## Usage

Run the `report_historic_ocurrences` to either create or update OcurrenceReports for the end of every day since Aug 8 2020 til today.

In [19]:
import arrow
from datetime import datetime
from typing import List

from apps.patterns.git import repo_at
from apps.patterns.models import OcurrenceReport
from apps.patterns.analyzer import analyze_repo_with_pattern

def to_arrow(in_datetime: datetime, tz: str = "America/Santiago") -> arrow.Arrow:
    return arrow.Arrow(
        year=in_datetime.year,
        month=in_datetime.month,
        day=in_datetime.day,
        hour=in_datetime.hour,
        minute=in_datetime.minute,
        second=in_datetime.second,
        tzinfo=tz
    )


def get_end_of_day(arrow_date, days_ago=1, tz="America/Santiago"):
    return arrow_date.shift(days=-days_ago).replace(hour=23, minute=59, second=59, tzinfo=tz)
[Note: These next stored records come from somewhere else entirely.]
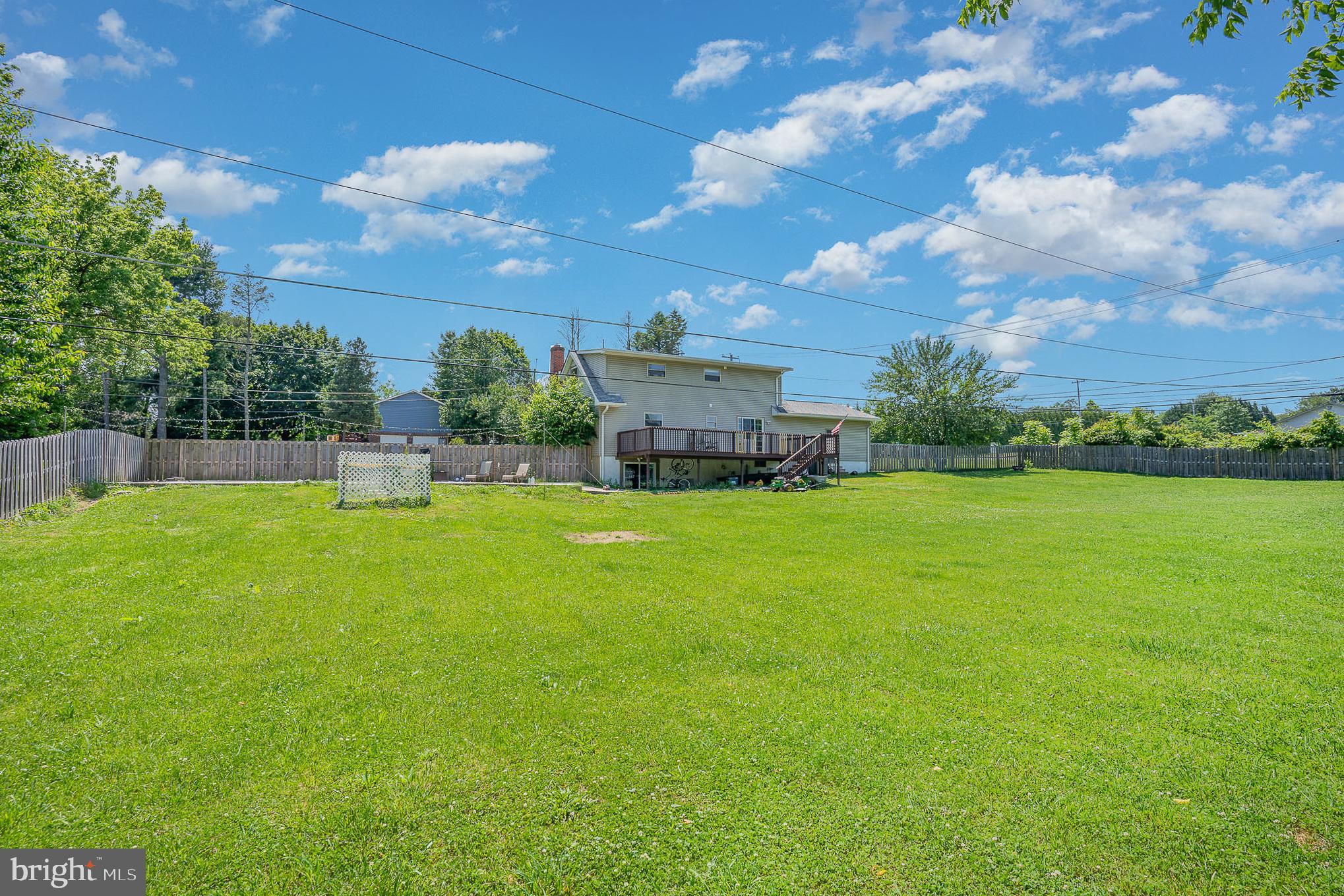 215 Old Chestnut Road Elkton, MD 21921 - Photo 30 of 32 Gallery Image 30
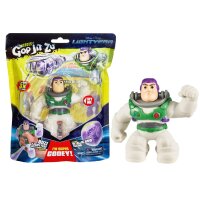 Disney Lightyear – Natahovací figurka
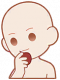 夏以昼·从容注视.png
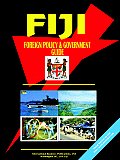 Fiji Foreign Policy and Government Guide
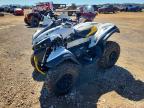 2023 Can-Am Renegade ATV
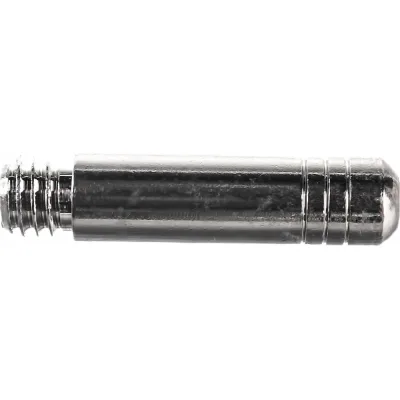 Катод Профессионал AG-60/SG-55 плазма 0591 990591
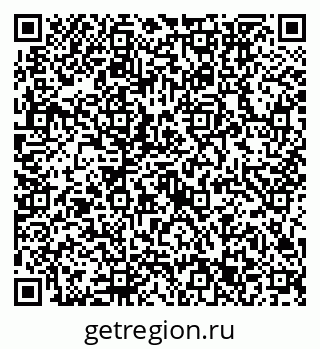 79632753183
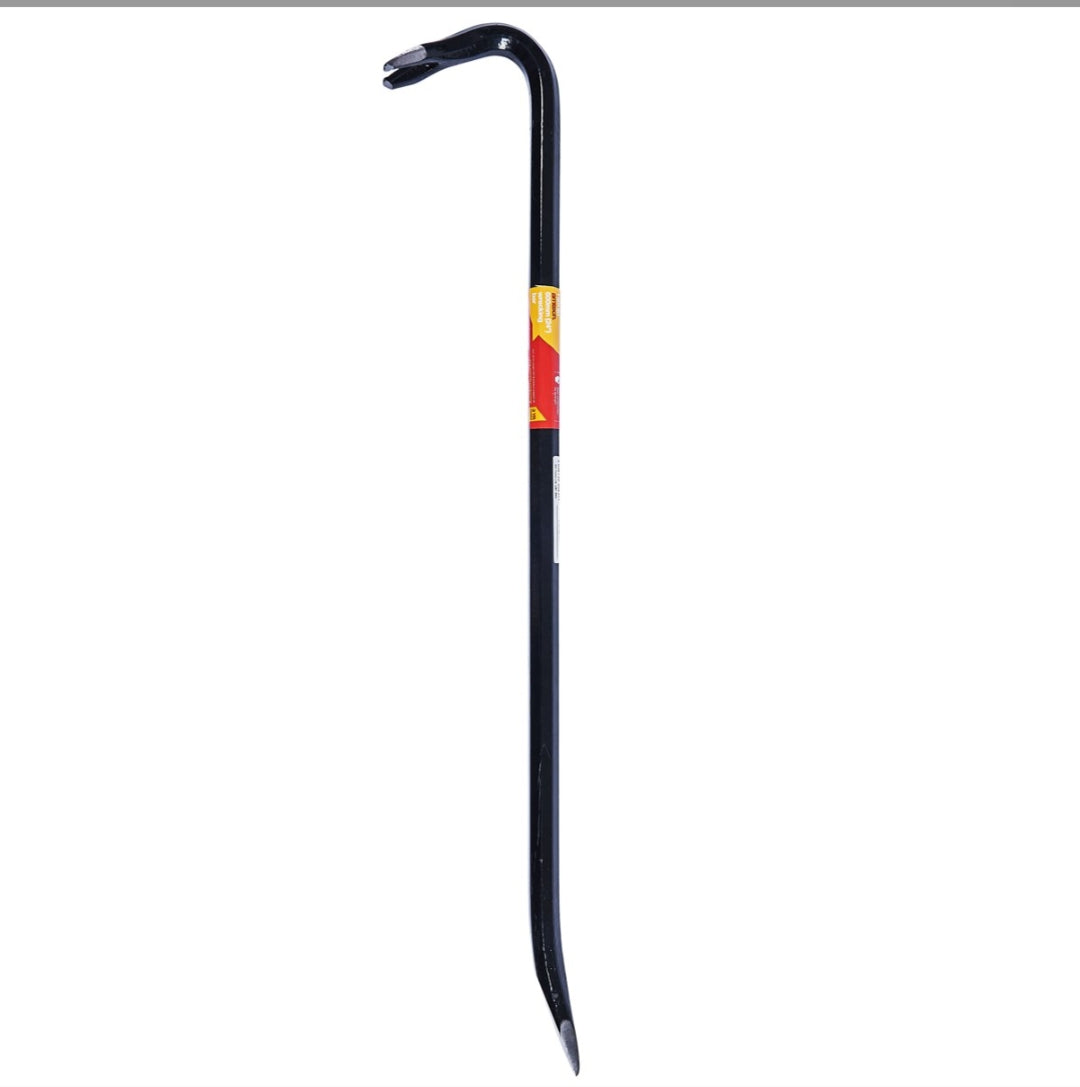 Barre à démolir Amtech 60 cm (24 po)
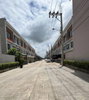 listing thumbnail image 12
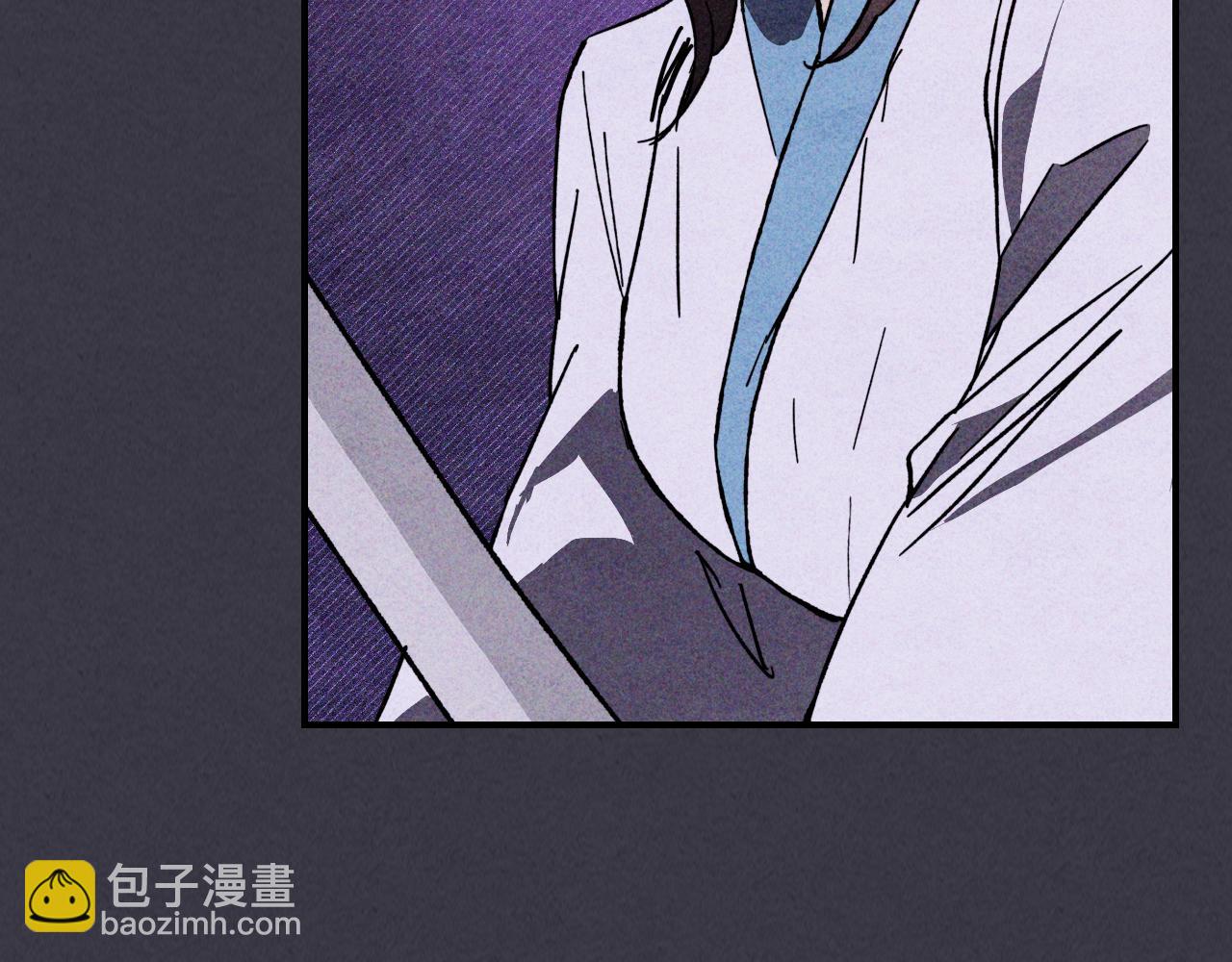 武神迴歸錄 - 第124話 運籌帷幄(1/5) - 7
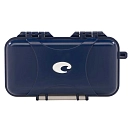 Купить Costa A6S0001AT-00000200 Dry Футляр для очков  Blue / White 7ft.ru в интернет магазине Семь Футов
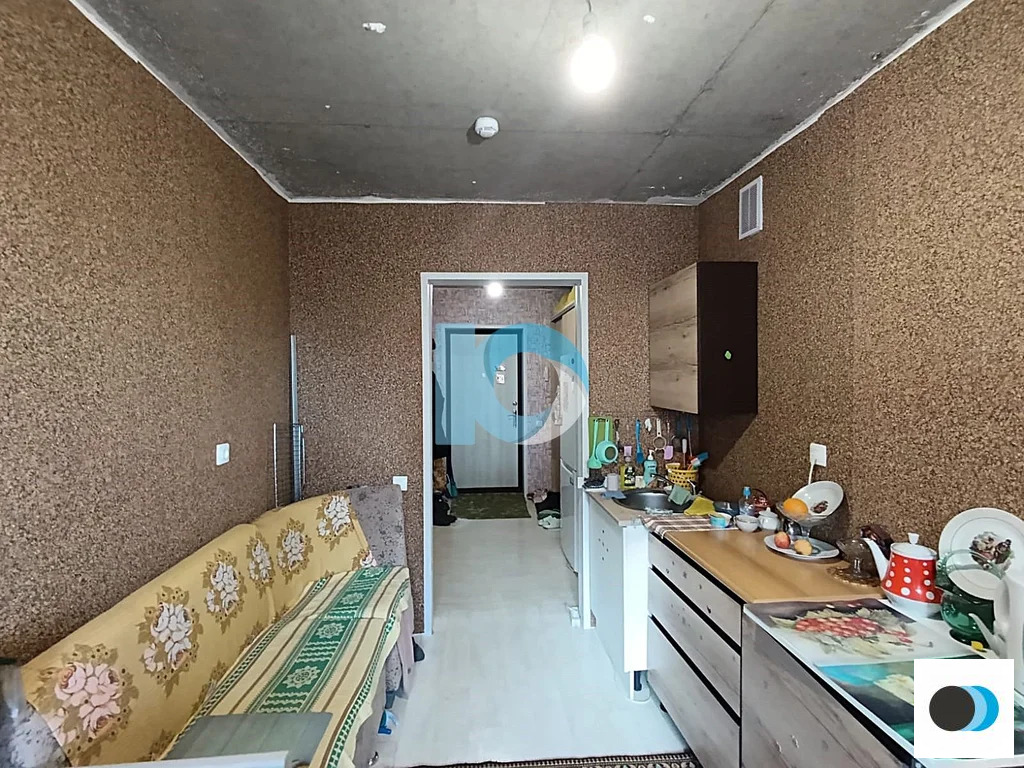 Продажа квартиры, Уфа, ул. Степана Кувыкина - Фото 16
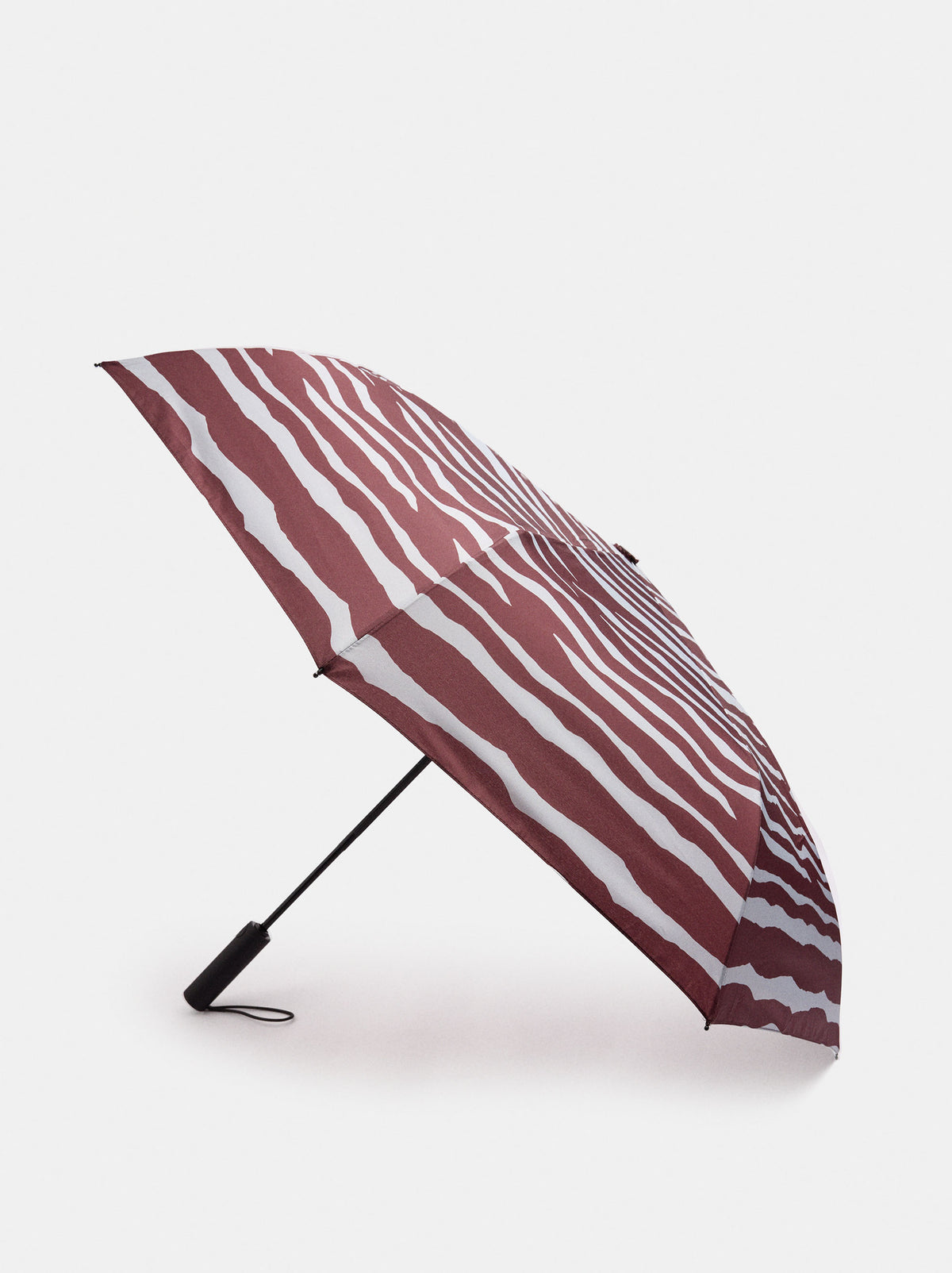 Medium Umbrella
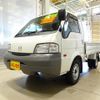mazda bongo-truck 2015 CFJ1839912 image 1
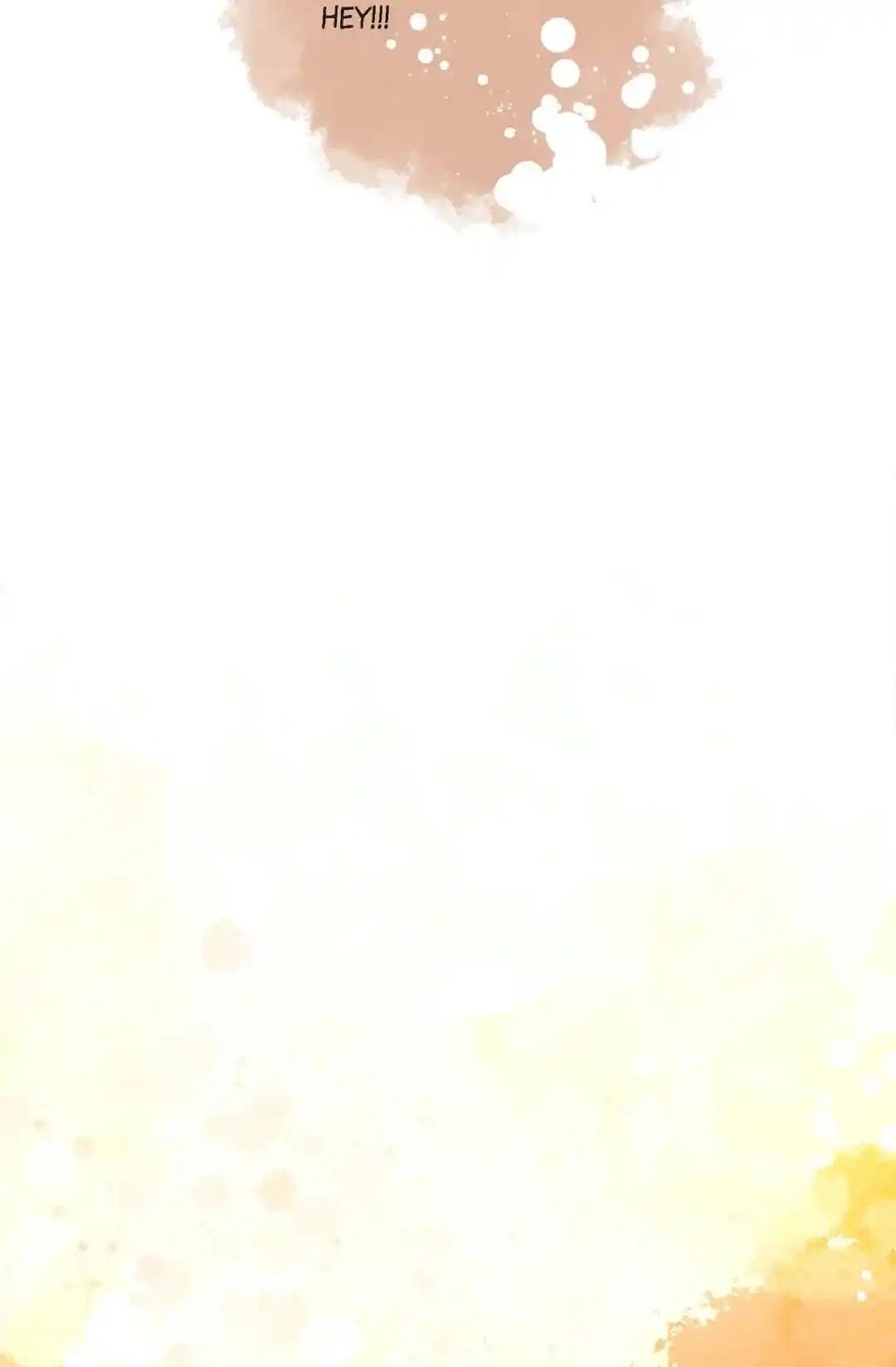 The 13Th Night Chapter 72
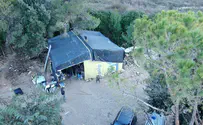 עזרי טובי: בואו לראות את הישיבה בחומש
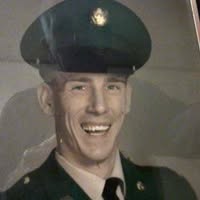 Jim Buchanan's profile image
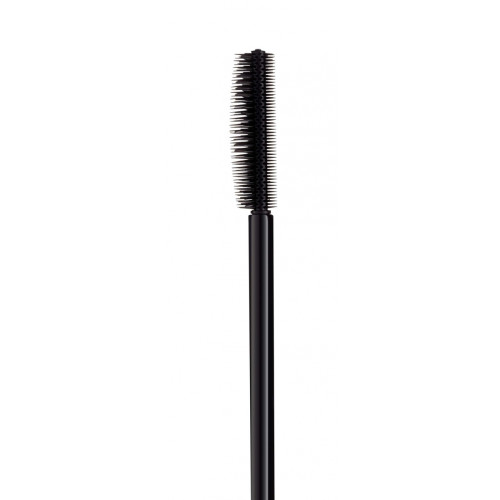 Тушь Jane Iredale Brown/Black Lengthening Mascara удлиняющяя темный янтарь 19113 7 г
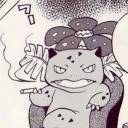 nailyourcoffins avatar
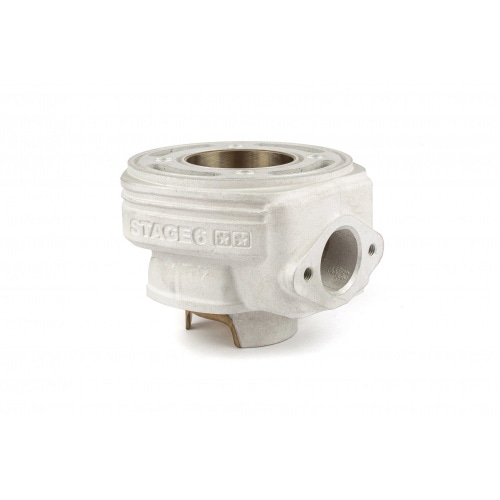 Cilindrs Stage6 70cc Sport Pro MK2 Piaggio LC Cilindrs Stage6 70cc Sport Pro MK2 Piaggio LC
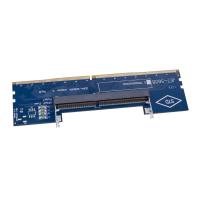 ราคา Aideepen อะแดปเตอร์การ์ดหน่วยความจำสำหรับเดสก์ท็อปแล็ปท็อป DDR5 DDR3 DDR4ไปยัง DDR3การ์ดพีซี DIMM DDR4อะแดปเตอร์เชื่อมต่อแรมความจำ DDR5 (21164653345)
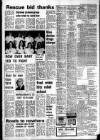Liverpool Echo Tuesday 11 December 1973 Page 11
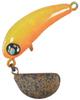 Rob Lure Bottom Barbie S Itadaki Kuripena 3.5g No.52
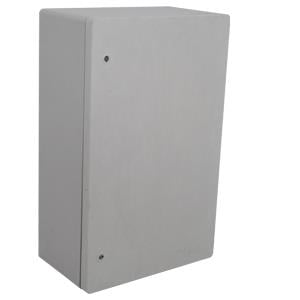cetinkaya-cp-508-5080285-polyester-pan-9a6ce0.jpg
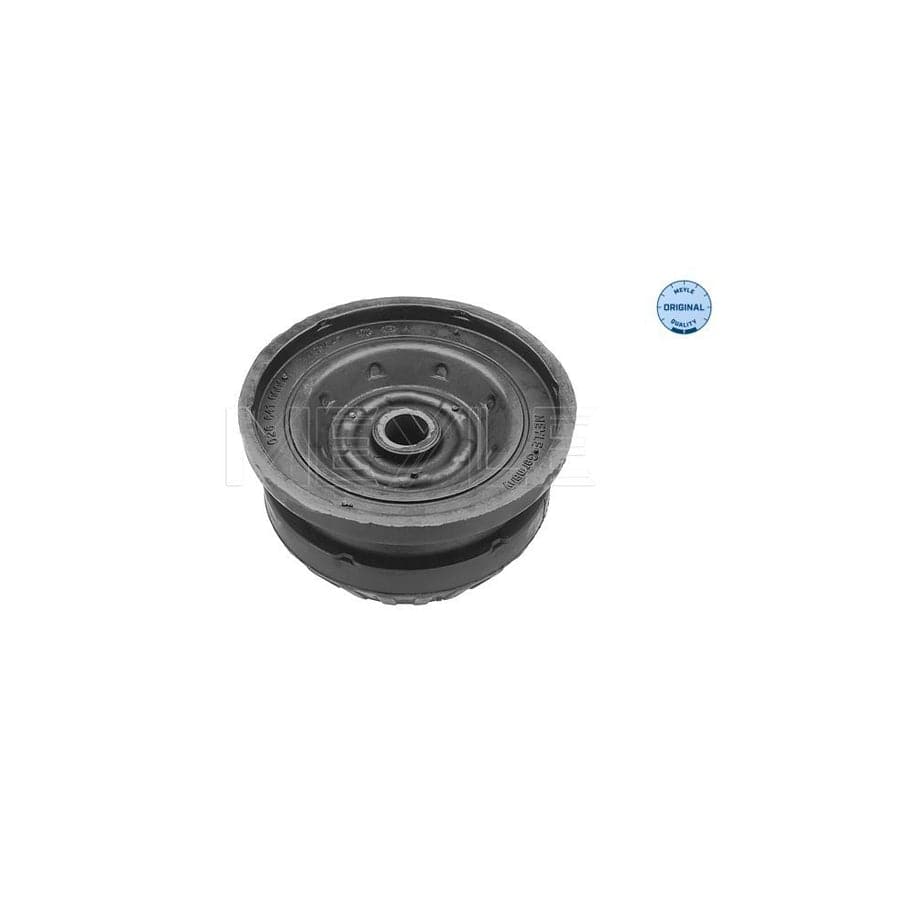 Meyle 026 641 0000 Top Strut Mount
def report_historic_ocurrences(study_app: str, ignore_paths: List[str] = []):
    now = arrow.now()
    max_datetime = arrow.Arrow(year=2020, month=8, day=15, hour=0, mimute=0, second=0)
    days_left_to_analyze = (now - max_datetime).days
    last_of_days_commits = []
    with repo_at(commit=None, force_delete=False, always_pull=True) as repo:
        current_day = 1
        skip_commits = 0
        max_page = 1000
        commits = repo.iter_commits("devel", max_count=max_page, skip=skip_commits)
        while current_day != days_left_to_analyze:
            critic_moment = get_end_of_day(now, days_ago=current_day)

            last_day_commit_found = False
            while not last_day_commit_found:
                try:
                    commit = next(commits)
                except StopIteration:
                    skip_commits += max_page
                    commits = repo.iter_commits("devel", max_count=max_page, skip=skip_commits)
                    commit = next(commits)

                commit_datetime = to_arrow(commit.committed_datetime)
                if commit_datetime < critic_moment:
                    last_of_days_commits.append(commit)
                    print(f"added new study commit for {commit_datetime}")
                    last_day_commit_found = True

            current_day += 1

    for commit in last_of_days_commits:
        try:
            report = OcurrenceReport.objects.filter(commit=commit.hexsha, app_name=study_app).get()
            report.last_of_day = True
            report.save()
            print(f"Found stored commit {commit.hexsha}")
        except OcurrenceReport.DoesNotExist:
            print(f"Moving repo and analyzing {commit.hexsha}")
            with repo_at(commit=commit.hexsha, force_delete=False, always_pull=True) as repo:
                hits = analyze_repo_with_pattern(pattern=f"apps.{study_app}.models", ignore_paths=ignore_paths)
                payload = dict(
                    app_name=study_app,
                    ocurrences=hits,
                    commit=commit.hexsha,
                    commited_epoch=to_arrow(commit.committed_datetime).timestamp,
                    last_of_day=True
                )
                OcurrenceReport.objects.create(**payload)

                
## Study Catalog
report_historic_ocurrences(study_app="catalog", ignore_paths=["apps/catalog", "apps/promotions", "apps/stores"])

## Study Orders
#report_historic_ocurrences(study_app="orders", ignore_paths=["apps/orders"])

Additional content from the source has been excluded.